Asian minilaterals – small, flexible, issue-specific security groupings—have grown in number and visibility across the Indo-Pacific, increasingly drawing Washington’s attention as potential vehicles for burden-sharing and regional security coordination. The Biden administration emphasized these arrangements as tools to strengthen cooperative security and uphold a rules-based regional order. The Trump administration, in turn, has pressed allies and partners to assume greater responsibility for their own defense, with analysts identifying minilateral cooperation as one potential mechanism. Senior officials have suggested that middle powers – such as Australia, India, and Japan – could play a larger role in regional security, potentially coordinating their efforts to maintain the balance of power. This framing carries an implicit assumption: that these Asian middle powers will organize themselves into peer coalitions capable of collectively balancing Chinese influence. Whether regional states are in fact moving in this direction, however, remains an open question.

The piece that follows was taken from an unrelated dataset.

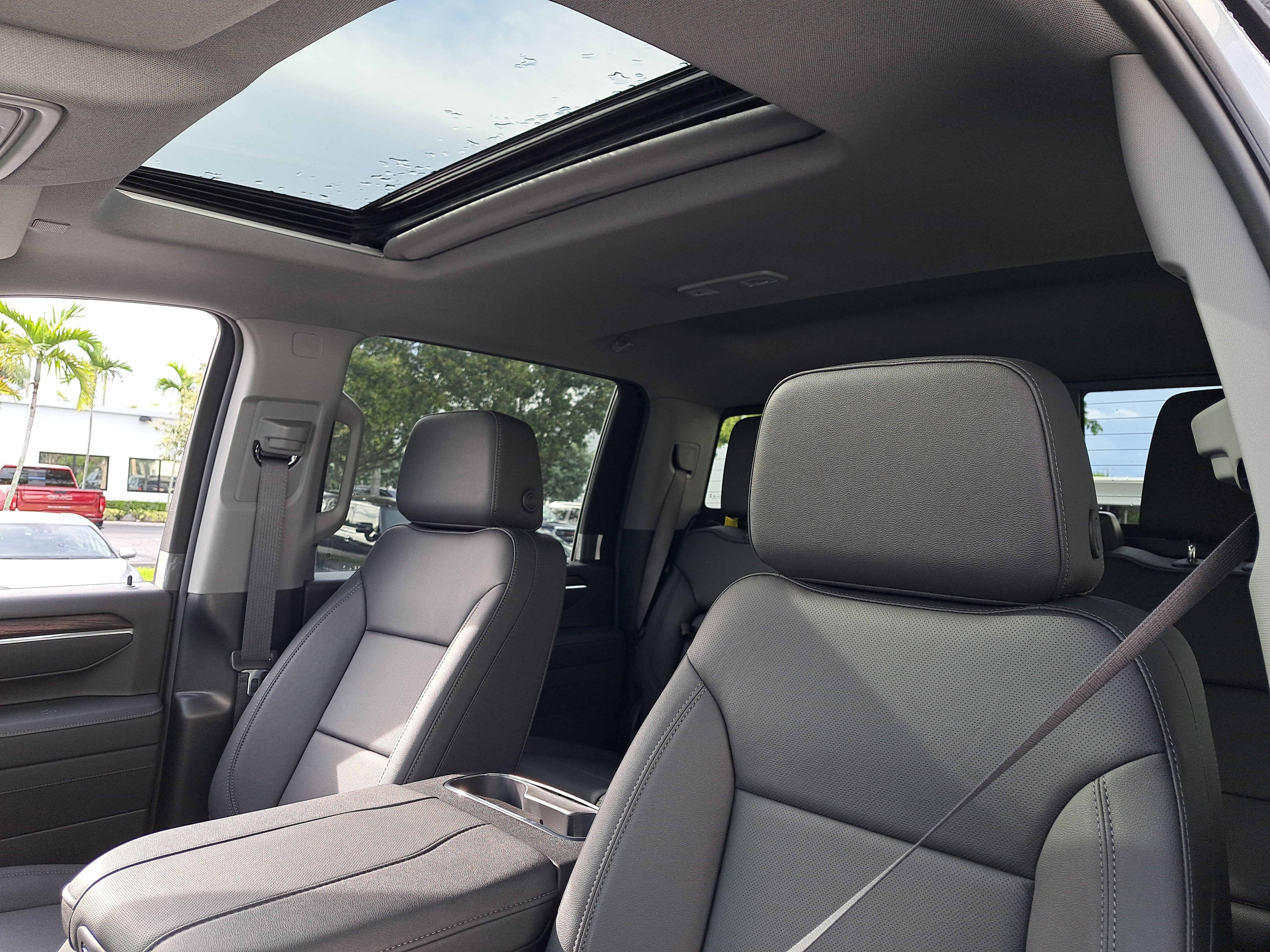 New 2025 GMC Sierra 2500 SLT w/ SLT Premium Package image 22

This report argues that this assumption is mistaken, and that the gap between US expectations and regional realities carries significant risks. An empirical analysis of 32 non- US, non-Chinese Asian minilaterals reveals that only 25 percent involve collective balancing among peer states – the model Washington increasingly anticipates. The remaining 75 percent take fundamentally different forms: spheres of influence, in which dominant states like India and Australia manage their immediate neighborhoods hierarchically; client coalitions, in which stronger states organize weaker partners to address specific external challenges such as infrastructure dependencies and supply-chain vulnerabilities; and security communities, in which peer states cooperate on functional issues and confidence-building rather than explicit balancing.

These patterns do not reflect Asian reluctance to manage regional security. Rather, they reflect rational strategic choices shaped by geography, power asymmetries, and local threat perceptions—factors largely beyond Washington’s control. The Indo-Pacific’s vast distances contribute to widely varying threat perceptions across subregions, making it difficult for potential balancing partners to agree on priorities and sustain coordination. Regional powers like India and Australia tend to concentrate attention and resources on hierarchical neighborhood management, where power asymmetries make cooperative hierarchy more efficient than peer coordination. Southeast Asian states, facing Chinese pressure primarily as economic and maritime coercion rather than an existential military threat, prioritize strategic flexibility and functional cooperation over explicit balancing commitments. US alliance guarantees further reduce incentives for peer-based coalitions by meeting the security needs of treaty allies like Japan and Australia through hierarchical arrangements with Washington, effectively crowding out independent collective balancing coalitions.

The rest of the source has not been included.